_PROBLEM TO WORK ON_
The data that follows is to be copied exactly, with each image removed.

_DATA SHOWN_
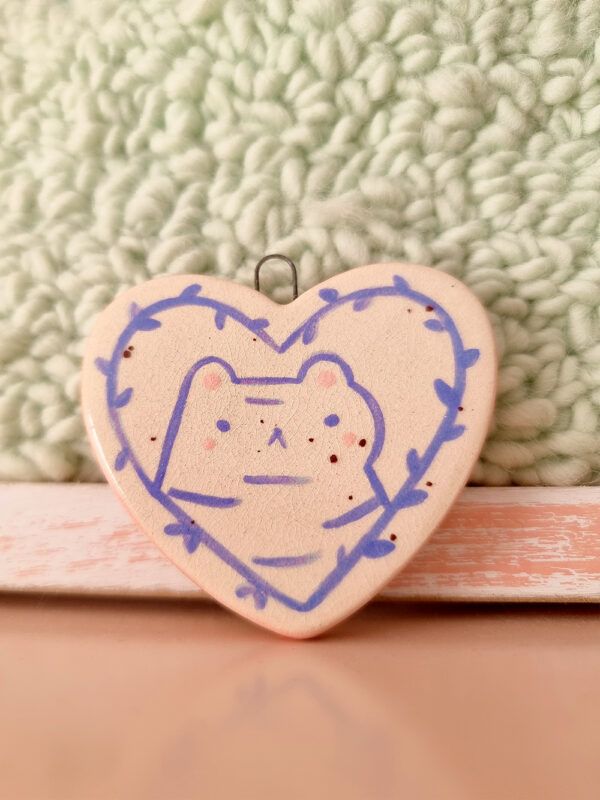 Aplique de Pared de Cerámica Loving You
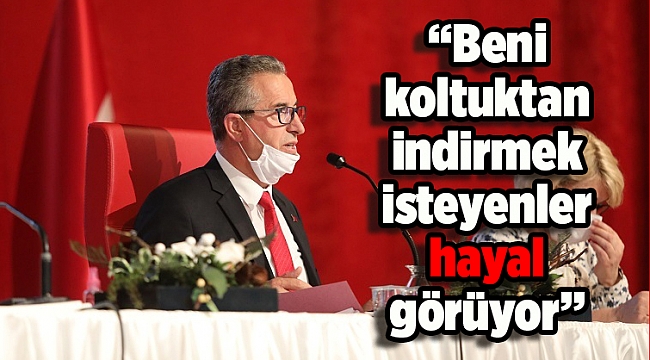 Başkan Halil Arda: “Beni koltuktan indirmek isteyenler hayal görüyor”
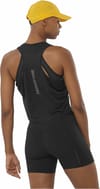 Salomon + Sense Aero Short Tank W Deep Black - 4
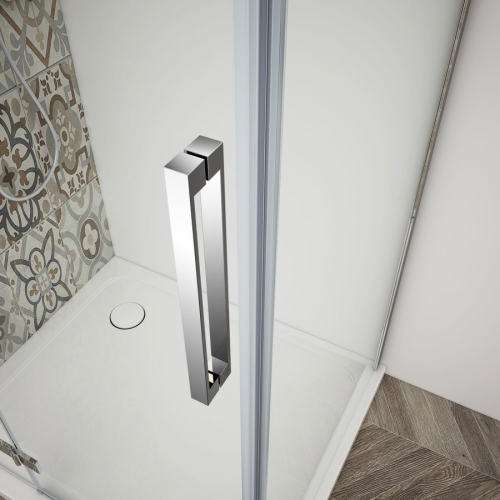 Gelco TRINITY CHROME sprchové dveře do niky 800mm, čiré sklo, levé GT1280CL-CH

_SOLUTION_
 Aplique de Pared de Cerámica Loving You
 Başkan Halil Arda: “Beni koltuktan indirmek isteyenler hayal görüyor”
 Salomon + Sense Aero Short Tank W Deep Black - 4
 Gelco TRINITY CHROME sprchové dveře do niky 800mm, čiré sklo, levé GT1280CL-CH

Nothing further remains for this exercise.